This is an instrumentation project. Forget UL. At best you might be able to List the custom system since this is close to working at the component level. This level of performance is not needed in almost all industrial applications 


Sent from my iPhone using Tapatalk


----------



## Wardenclyffe (Jan 11, 2019)

Maybe a spinning mirror,...


----------



## gpop (May 14, 2018)

After reading paul's post i think that you can write a basic code in C++ and put a sensor input on a interrupt pin using a cheap arduino. Once anything is sensed by the input the processor switches from its main code and runs what ever code you have written to deal with the input. (this makes it faster to respond as its not running the code in loop but it also means the code in loop that may be doing other things is delayed until the interrupt code is finished) 

Arduino has a forum where a bunch of geeks hang out that will go supper nerdy for a project like this (most work on custom systems that are not arduino but will come play on the forum)
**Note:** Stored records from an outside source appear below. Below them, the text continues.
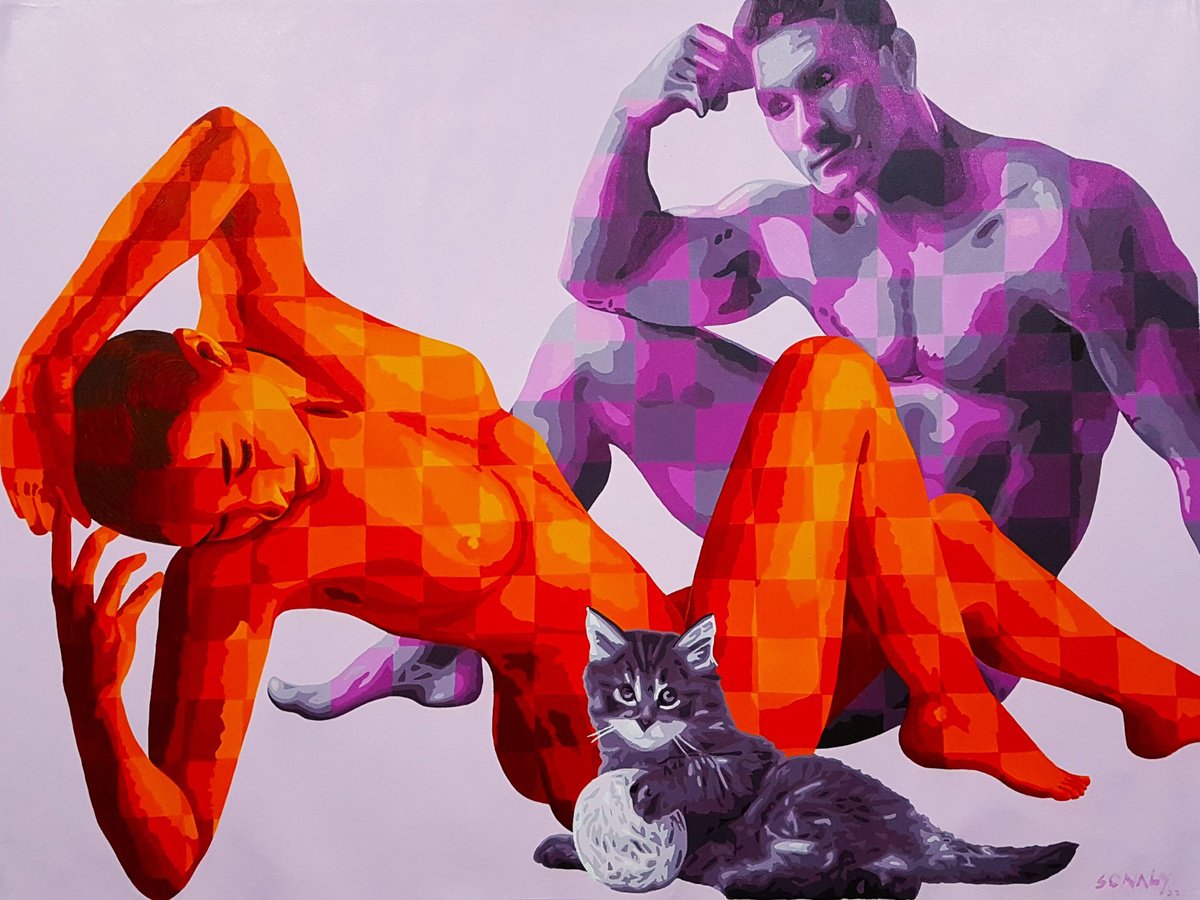 Couple and cat by Sonaly Gandhi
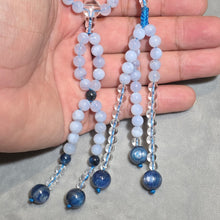 Load image into Gallery viewer, Handcrafted Crystal Juzu – Blue Lace Agate &amp; Blue Kyanite
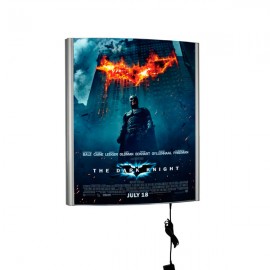 Curved LED Box 22"w x 28"h Poster Size Silver, Single Sided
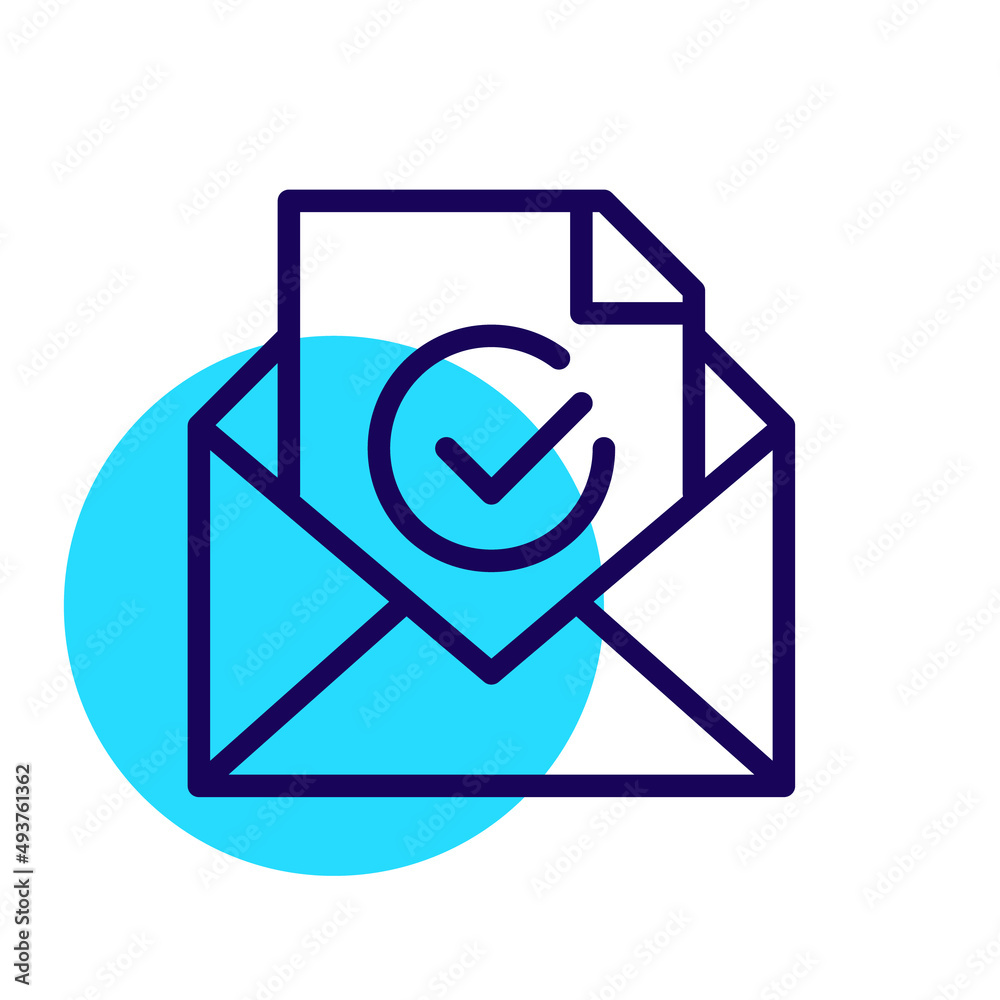 Letter with approval symbol in mail. Pixel perfect, editable stroke icon Letter with approval symbol in mail. Pixel perfect, editable stroke icon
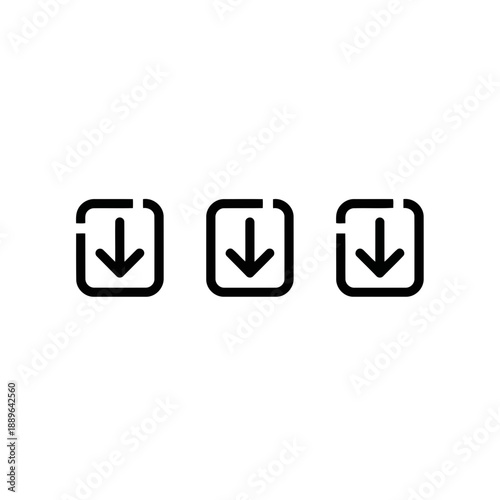 Three black download icons or buttons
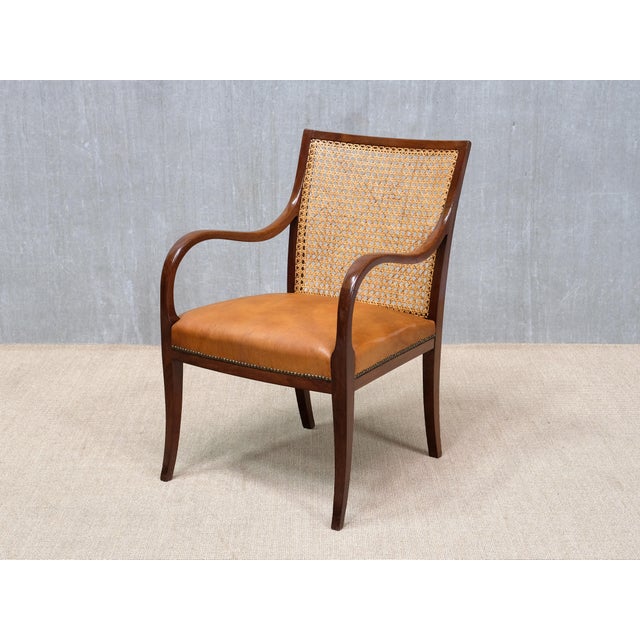 Armchairs in Mahogany, Cane, and Leather from Frits Henningsen, Denmark, 1931, Set of 2 For Sale - Image 10 of 16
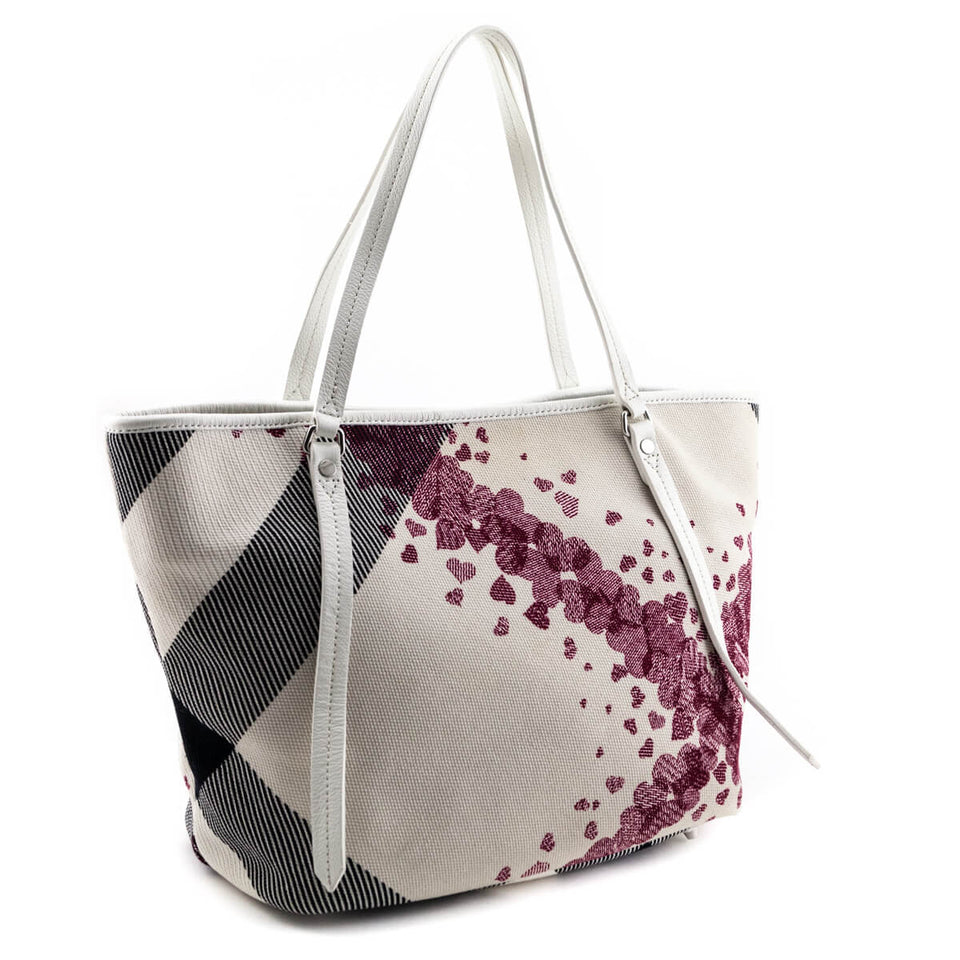 Burberry White Canvas Confetti Heart Medium Cantley Tote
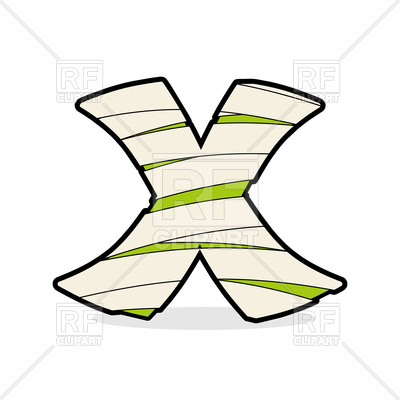 400x400 Letter X With White Stripes Royalty Free Vector Clip Art Image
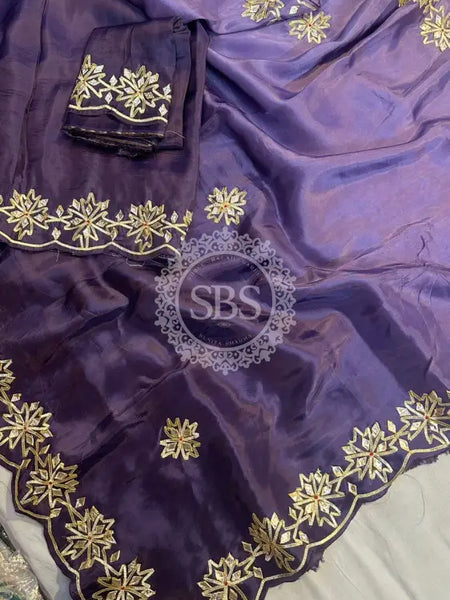PURE UPADA SILK KACHI GOTA PATTI SAREE Purple / Free Size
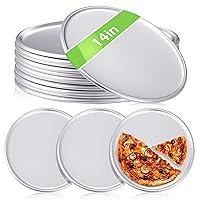 12 Pieces Pizza Pan Bulk Restaurant Aluminum Pizza Pan Set Round Pizza Pie Cake Plate Rust Free Pizza Pie Cake Tray for Oven Baking Home Kitchen Restaurant Easy Clean (14 Inch)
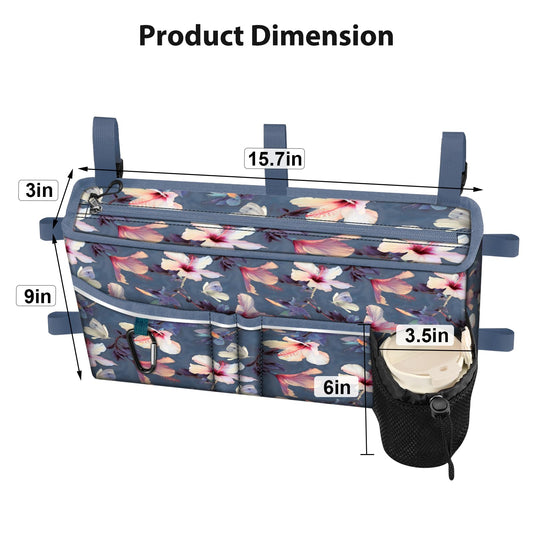 Finpac walker bag showing six storage pockets and cup holder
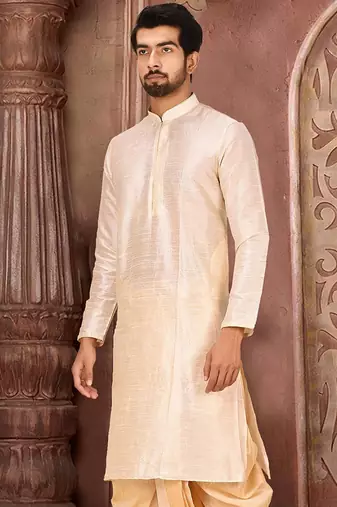 Beige Dupion Art Silk Kurta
As you are only looking for sensing at 1ms not reacting with in 1ms it should be able to deal with that. 
If you are looking at responding with in 1ms that is a different game as the processor would have to be able to run all the code between sense and response in well under 1ms which would require a fast processor and well written code.


----------



## CoolWill (Jan 5, 2019)

gpop said:


> After reading paul's post i think that you can write a basic code in C++ and put a sensor input on a interrupt pin using a cheap arduino. Once anything is sensed by the input the processor switches from its main code and runs what ever code you have written to deal with the input. (this makes it faster to respond as its not running the code in loop but it also means the code in loop that may be doing other things is delayed until the interrupt code is finished)
> 
> Arduino has a forum where a bunch of geeks hang out that will go supper nerdy for a project like this (most work on custom systems that are not arduino but will come play on the forum)
> 
> ...


The code isn't the hard part. It's the actual hardware that will be difficult to implement. He will need some high-power IR LEDs and maybe some optics to reach the width he's trying to get to. Then he will need to make sure that the phototransistors are sufficiently immune to ambient radiation. 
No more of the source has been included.